An early termination fee (ETF) is a charge levied when a party wants to break the term of an agreement or long-term contract. They are stipulated in the contract or agreement itself, and provide an incentive for the party subject to them to abide by the agreement.

==Service industries==

Termination fees are common to service industries such as cellular telephone service, subscription television, and so on, where they are often known as early termination fees. For instance, a customer who purchases cellular phone service might sign a two-year contract, which might stipulate a $350 fee if the customer breaks the contract. Consumer interest groups have criticized such fees as being anti-competitive because they prevent users from migrating to superior services.

In the suburban Atlanta county of Gwinnett, customers were hit with termination fees of over $23 when the county commission chose not to renew the contracts of the county trash collectors in November 2008. The two companies charged this both in violation of county law and in breach of contract.

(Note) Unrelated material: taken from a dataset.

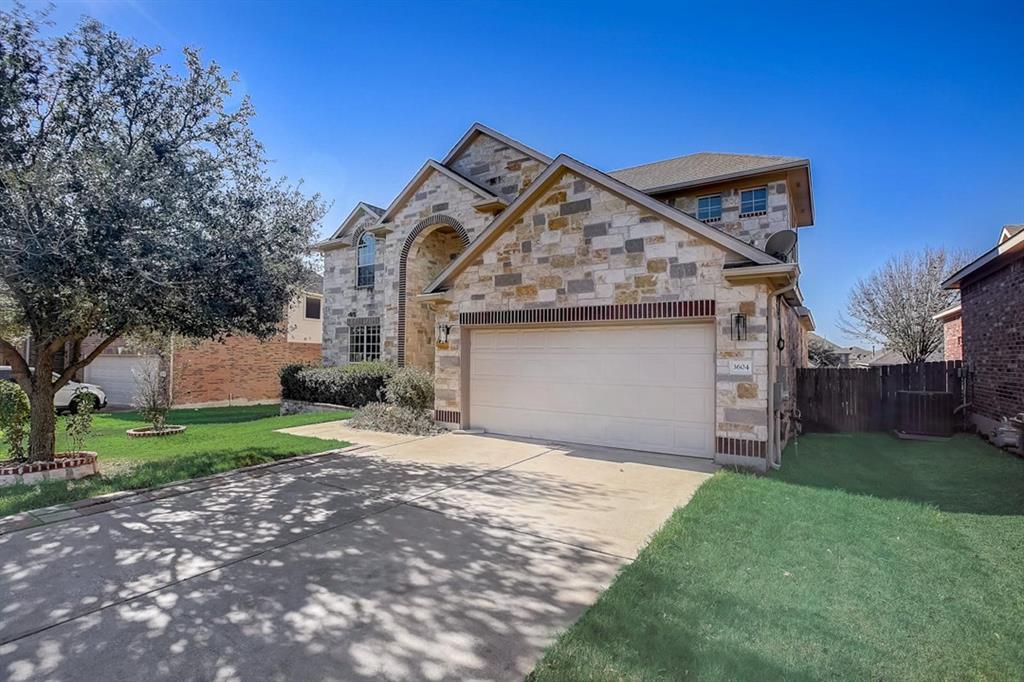3604 Rams Horn Way Round Rock, TX 78665 - Photo 25 of 26 This appealing stone and brick facade home offers a generous driveway, inviting you to a two-car garage and manicured front lawn.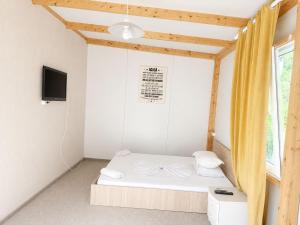 a small bedroom with a bed and a tv at Camping Bucuria Bungalow in Eforie Nord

==Mergers and acquisitions==

In mergers and acquisitions termination fees are often levied in the event that one party fails to consummate a merger—for instance, because it was unsuccessful in getting shareholder approval or because it agreed to a competing offer. For instance, in 2005 Johnson & Johnson agreed to acquire Guidant, but Guidant later accepted a competing offer and was subject to a termination fee of $705 million.

These termination fees have been criticized as well. Shareholders in companies being purchased sometimes believe that termination fees are too high, and instead of representing the costs that the purchasing party would suffer should the deal fall through, instead act as a way of forcing shareholders and directors to accede to the deal.